[[ DATA PROVIDED, beginning ]]

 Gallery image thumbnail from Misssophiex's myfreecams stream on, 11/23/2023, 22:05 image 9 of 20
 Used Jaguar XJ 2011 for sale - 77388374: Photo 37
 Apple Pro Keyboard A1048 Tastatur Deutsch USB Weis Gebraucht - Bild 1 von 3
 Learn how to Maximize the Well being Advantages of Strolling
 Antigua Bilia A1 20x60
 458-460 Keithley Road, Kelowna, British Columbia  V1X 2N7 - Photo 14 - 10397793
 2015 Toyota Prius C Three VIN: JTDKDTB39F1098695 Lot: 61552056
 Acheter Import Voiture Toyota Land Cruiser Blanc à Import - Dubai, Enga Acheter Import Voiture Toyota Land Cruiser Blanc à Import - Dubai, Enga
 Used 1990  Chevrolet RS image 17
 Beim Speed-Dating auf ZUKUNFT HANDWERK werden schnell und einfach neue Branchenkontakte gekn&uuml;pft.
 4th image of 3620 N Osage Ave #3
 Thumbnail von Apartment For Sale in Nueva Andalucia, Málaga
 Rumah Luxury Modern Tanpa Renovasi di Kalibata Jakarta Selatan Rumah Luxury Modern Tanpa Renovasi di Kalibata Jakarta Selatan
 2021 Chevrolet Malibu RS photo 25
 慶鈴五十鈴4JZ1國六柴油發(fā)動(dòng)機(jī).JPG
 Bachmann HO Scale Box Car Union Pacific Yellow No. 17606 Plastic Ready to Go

[[ DATA PROVIDED, end ]]

**HOW TO COMPLETE THIS TASK:**
Print out, without change, each line from the line holding "2015 Toyota Prius" to the final line of the material.

**RESULT:**
 2015 Toyota Prius C Three VIN: JTDKDTB39F1098695 Lot: 61552056
 Acheter Import Voiture Toyota Land Cruiser Blanc à Import - Dubai, Enga Acheter Import Voiture Toyota Land Cruiser Blanc à Import - Dubai, Enga
 Used 1990  Chevrolet RS image 17
 Beim Speed-Dating auf ZUKUNFT HANDWERK werden schnell und einfach neue Branchenkontakte gekn&uuml;pft.
 4th image of 3620 N Osage Ave #3
 Thumbnail von Apartment For Sale in Nueva Andalucia, Málaga
 Rumah Luxury Modern Tanpa Renovasi di Kalibata Jakarta Selatan Rumah Luxury Modern Tanpa Renovasi di Kalibata Jakarta Selatan
 2021 Chevrolet Malibu RS photo 25
 慶鈴五十鈴4JZ1國六柴油發(fā)動(dòng)機(jī).JPG
 Bachmann HO Scale Box Car Union Pacific Yellow No. 17606 Plastic Ready to Go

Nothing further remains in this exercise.